(PROVIDED DATA)

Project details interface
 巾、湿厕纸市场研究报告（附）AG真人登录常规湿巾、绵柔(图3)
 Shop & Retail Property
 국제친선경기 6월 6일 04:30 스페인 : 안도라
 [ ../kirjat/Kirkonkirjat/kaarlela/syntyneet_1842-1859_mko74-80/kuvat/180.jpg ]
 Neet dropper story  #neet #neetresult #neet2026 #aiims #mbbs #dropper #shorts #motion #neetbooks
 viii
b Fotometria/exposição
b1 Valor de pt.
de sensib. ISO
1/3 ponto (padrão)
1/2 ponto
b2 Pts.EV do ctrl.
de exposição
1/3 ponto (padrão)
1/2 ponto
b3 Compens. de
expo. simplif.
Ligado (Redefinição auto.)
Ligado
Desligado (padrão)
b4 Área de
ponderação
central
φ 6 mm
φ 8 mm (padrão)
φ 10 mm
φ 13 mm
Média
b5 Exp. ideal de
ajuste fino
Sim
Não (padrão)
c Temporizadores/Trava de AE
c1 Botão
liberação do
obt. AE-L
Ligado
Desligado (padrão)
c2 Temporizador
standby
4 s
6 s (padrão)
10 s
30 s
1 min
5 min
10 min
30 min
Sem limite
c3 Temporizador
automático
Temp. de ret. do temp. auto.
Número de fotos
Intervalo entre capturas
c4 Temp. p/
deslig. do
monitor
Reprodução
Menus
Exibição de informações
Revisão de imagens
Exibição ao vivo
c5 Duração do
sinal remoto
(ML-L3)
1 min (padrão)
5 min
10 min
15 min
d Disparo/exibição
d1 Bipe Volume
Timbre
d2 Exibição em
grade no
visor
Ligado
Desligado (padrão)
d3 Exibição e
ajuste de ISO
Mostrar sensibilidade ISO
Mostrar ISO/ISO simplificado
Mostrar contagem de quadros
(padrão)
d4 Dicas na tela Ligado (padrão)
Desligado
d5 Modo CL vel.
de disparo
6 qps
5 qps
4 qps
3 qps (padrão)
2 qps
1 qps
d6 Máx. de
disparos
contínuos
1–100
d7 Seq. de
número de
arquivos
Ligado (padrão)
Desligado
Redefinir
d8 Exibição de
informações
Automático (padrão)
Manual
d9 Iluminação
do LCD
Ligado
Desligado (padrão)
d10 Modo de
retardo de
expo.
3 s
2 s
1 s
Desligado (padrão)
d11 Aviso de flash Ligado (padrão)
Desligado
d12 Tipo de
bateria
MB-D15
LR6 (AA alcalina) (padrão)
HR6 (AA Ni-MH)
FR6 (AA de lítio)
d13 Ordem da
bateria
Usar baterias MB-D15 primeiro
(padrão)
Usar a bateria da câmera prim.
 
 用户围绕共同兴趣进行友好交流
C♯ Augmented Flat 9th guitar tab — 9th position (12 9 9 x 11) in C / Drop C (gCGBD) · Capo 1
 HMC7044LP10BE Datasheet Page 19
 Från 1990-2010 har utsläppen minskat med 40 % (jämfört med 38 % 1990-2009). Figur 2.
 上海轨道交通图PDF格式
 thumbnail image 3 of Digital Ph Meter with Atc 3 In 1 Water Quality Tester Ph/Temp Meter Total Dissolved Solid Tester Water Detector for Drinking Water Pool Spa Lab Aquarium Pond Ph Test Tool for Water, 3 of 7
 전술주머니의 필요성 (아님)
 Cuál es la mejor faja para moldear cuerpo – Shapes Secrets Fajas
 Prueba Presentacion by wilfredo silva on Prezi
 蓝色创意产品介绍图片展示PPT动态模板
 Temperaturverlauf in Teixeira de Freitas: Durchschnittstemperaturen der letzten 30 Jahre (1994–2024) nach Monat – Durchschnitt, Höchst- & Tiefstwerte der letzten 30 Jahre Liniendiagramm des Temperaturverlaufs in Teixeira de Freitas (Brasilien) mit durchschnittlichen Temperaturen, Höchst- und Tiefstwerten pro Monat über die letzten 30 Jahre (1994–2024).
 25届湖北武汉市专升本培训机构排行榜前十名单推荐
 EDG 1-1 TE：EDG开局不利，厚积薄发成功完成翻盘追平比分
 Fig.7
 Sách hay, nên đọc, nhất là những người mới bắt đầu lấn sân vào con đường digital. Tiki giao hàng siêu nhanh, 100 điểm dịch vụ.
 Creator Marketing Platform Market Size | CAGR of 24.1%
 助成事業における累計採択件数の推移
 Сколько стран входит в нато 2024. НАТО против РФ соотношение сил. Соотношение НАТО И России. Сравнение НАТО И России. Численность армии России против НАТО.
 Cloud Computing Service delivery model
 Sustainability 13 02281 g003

(End PROVIDED DATA)

● **DESCRIPTION OF THE TASK**: Give only the number of lines in the preceding data that include the word "Usar".

● **REPLY**: 2